Australian Regulator Proposes Changes to Licensing of Foreign Financial Services Providers
The Situation: Many foreign financial services providers ("FFSPs") currently rely on one of two types of relief from broadly defined provisions of the Corporations Act 2001 that would otherwise require them to obtain and hold an Australian Financial Services Licence ("AFSL"). AFSL holders are subject to Australian financial services laws and regulation by the Australian Securities and Investments Commission ("ASIC").
The Development: ASIC recently released Consultation Paper 301. In it, ASIC seeks feedback on its proposals to repeal the two forms of relief, with a 12-month transition period, and to create a modified AFSL for FFSPs ("foreign AFSL").
Looking Ahead: Feedback on the Consultation Paper is due on 31 July 2018. Under the current timetable, the two existing forms of relief will be repealed on 30 September 2019, with a proposed 12-month transition period to 30 September 2020. Under the current proposed regime, FFSPs would then need to apply for a foreign AFSL, a regular AFSL or individual relief from ASIC, unless exempt.
The Australian Corporations Act 2001 requires a person who carries on a financial services business in Australia to hold an AFSL, unless exempt. A financial services business is taken to be carried out in Australia by a person not present in Australia if there is conduct that is "intended to induce people [in Australia] to use the financial services the person provides" or "is likely to have that effect". Once issued, holders of an AFSL must comply with Australian financial services laws, including minimum standards of service and adequacy of resources, and are subject to notification obligations to, and surveillance by, ASIC.
While there are many exemptions built into the Corporations Act 2001, their narrow scope has led to many FFSPs, which might otherwise be captured by the broad "inducement" test, relying on two types of relief:
- "sufficient equivalence relief", under which an FFSP that is subject to "sufficiently equivalent" overseas regulatory regime (i.e. subject to regulation by identified foreign financial services regulators) may enter into an arrangement with ASIC exempting it from the requirement to hold an AFSL subject to certain conditions, including submission to the jurisdiction of Australian courts; and
- "limited connection relief", under which an FFSP is not required to hold an AFSL if the only reason it would otherwise be required is because of the "inducement" provision, and it provides its services only to "wholesale clients" in Australia.
Proposed Reforms and Issues
In its Consultation Paper, ASIC proposes to end these forms of relief. The Paper gives ASIC's reasons for this as being:
- perceived regulatory gaps for FFSPs, which are effectively operating in Australia without ASIC's oversight (and not regulated in that respect by their home regulators); and
- regulatory practice in other jurisdictions.
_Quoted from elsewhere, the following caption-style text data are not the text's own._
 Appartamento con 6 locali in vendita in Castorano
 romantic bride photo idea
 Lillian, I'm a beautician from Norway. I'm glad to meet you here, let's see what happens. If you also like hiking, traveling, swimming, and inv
In its place, ASIC proposes to introduce a foreign AFSL. In its proposed form, an FFSP would need to apply for a foreign AFSL in a manner similar to a regular AFSL and nominate a local agent for service of documents. The holder of a foreign AFSL would also be subject to many of the same obligations as the holder of a regular AFSL, including complying with Australian financial services laws and having adequate systems for managing risk and conflicts of interest. However, they would not be subject to certain other obligations to which the holder of a regular AFSL would be subject, primarily regarding adequacy of resources and competence.
However, not all FFSPs would be entitled to apply for a foreign AFSL. During the transition period, ASIC proposes to conduct a review of jurisdictions not currently on its list for the "sufficient equivalence relief". Any FFSPs from jurisdictions not on this expanded list would be required to obtain a regular AFSL, unless some other exemption applies to them. However, ASIC also maintains that it will continue to issue individual relief on a case-by-case basis, impliedly on a similar basis to the "limited connection relief".
There are some obvious issues with the proposed reforms. For example, the "regulatory gap" may be overstated, given overseas regimes may not employ an "inducement" test (an issue that is acknowledged by ASIC, but not substantively addressed, in the Paper itself). Further, the scale of the regulatory burden being taken on by ASIC is possibly very large. ASIC by its own account does not know how many FFSPs currently rely on the "limited connection relief", and it proposes to undertake an assessment of every regulatory regime from which a foreign AFSL applicant is based, except for those jurisdictions which already qualify for the "sufficient equivalence relief".
Two Key Takeaways
- FFSPs with any exposure to Australian clients should review Consultation Paper 301 and consider whether they wish to make a submission. Submissions are due 31 July 2018.
- FFSPs should also consider if any exemptions from holding an AFSL apply to them and if not approaching ASIC for individual relief, if the two forms of broader relief are repealed on 30 September 2019 (with a 12-month transition period to follow).